By the time you have returned from this hike, you will be looking for a place to set-up, watch the sun go down over the sea and hopefully catch some fish for dinner. West Bay will provide. The track out from Snake Lagoon is ‘4WD only’, but oddly the road gets better as soon as you go past the sign. A ploy to reduce traffic? Yes. The sites are fairly small, and site 1 may be the only one appropriate for a caravan.
We had quite a bit of joy casting slugs out into the gutters and catching good-sized salmon. The fish went a bit quiet when the evening dolphin show began. Turns out it is one of their favourite fishing spots too. They whipped around the bay with a few of their seal friends, surfing waves and dancing around. An unforgettable performance.
The seaside views of West Bay are a must see.
West Bay – Admirals Arch – Remarkable Rocks – Vivonne Bay
You can’t come to Kangaroo Island and not stop in at these top tourist attractions. If you are not too keen on paying to see the sea lions at Seal Bay, you can catch a huge colony at Admirals Arch for free. The seals are present all year round and can be found fishing in the waves, sunbathing on the rocks or fighting for pole position on the seafront. They provide hours of entertainment as their antics unfold, worthy of a reality TV show.
If you want to see some seals, head to Admirals Arch.
Remarkable Rocks are just visible from Admirals Arch, looking like tiny balancing stones, but when you get up close and interact with nature’s masterpiece you will see the grandeur of it. You can walk in, around, under, over and through these lichen coloured granite formations. A couple even makes for amazing lounge chairs for a spot of people watching.
Depending on what time of day you arrive at camp, the Vivonne Bay General Store is a must for a King George Whiting burger. So delicious and the service is always friendly. And, if you’re after more local advice, ask these guys, they are always happy to help. Another spectacular beach awaits you here.
Vivonne Bay has been voted as one of Australia’s top beaches.
Vivonne Bay – Seal Bay – D’Estrees Bay
Whether or not you decided to buy the K.I. Tour Pass, you may still want to drop into Seal Bay.
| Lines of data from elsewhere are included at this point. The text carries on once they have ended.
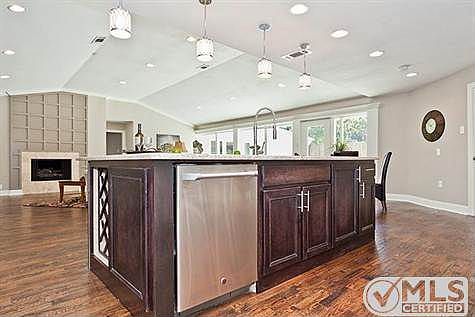 3rd image of 7508 Cliffbrook Dr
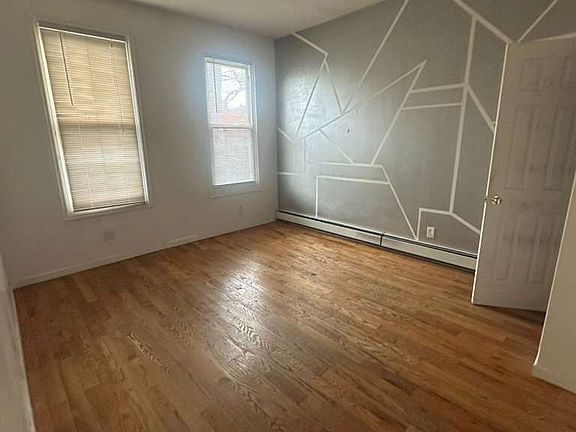 2nd image of 1304 Findlay Ave #2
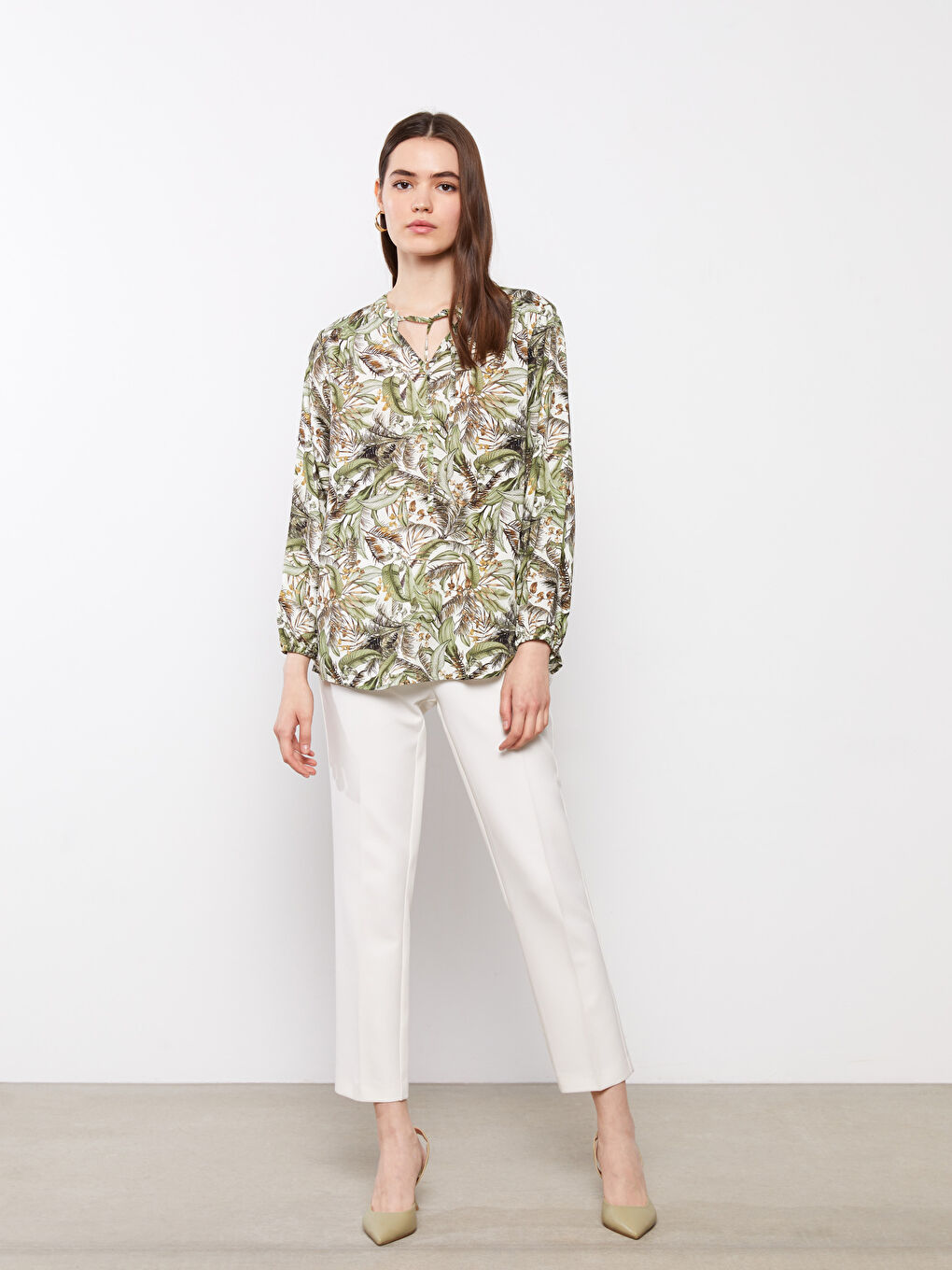 Yeşil Bağlamalı Yaka Çiçekli Uzun Kollu Viskon Kadın Bluz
You can take a self-guided walk along the boardwalk or get up close and personal on the beach with a ranger-guided tour. Along the boardwalk, you will still be within metres of the fur seals as they often come right up into the dunes to rest and recharge. They may even be right beneath your feet, close enough to see their beady eyes and cute little faces.
It’s sad to think this might be your last night on K.I. but we’ll finish it off with a beauty, D’Estrees Bay. The campsites are stretched out along a number of smaller bays that make up D’Estrees Bay National Park. Our advice would be to go into the further most sites for some serious peace and quiet.
Finishing your trip in D’Estress Bay will provide you with the R&R you need to return home with.
There are safe swimming spots on the beach and rock pools to float in at each point between bays. Again, the beach fishing is good, and it’s not hard to pick a spot to cast your line. The campsites are set in the dunes with your own pathway down to the beach.
Enjoy the sunset and wake up for sunrise to celebrate an amazing seven days on Kangaroo Island.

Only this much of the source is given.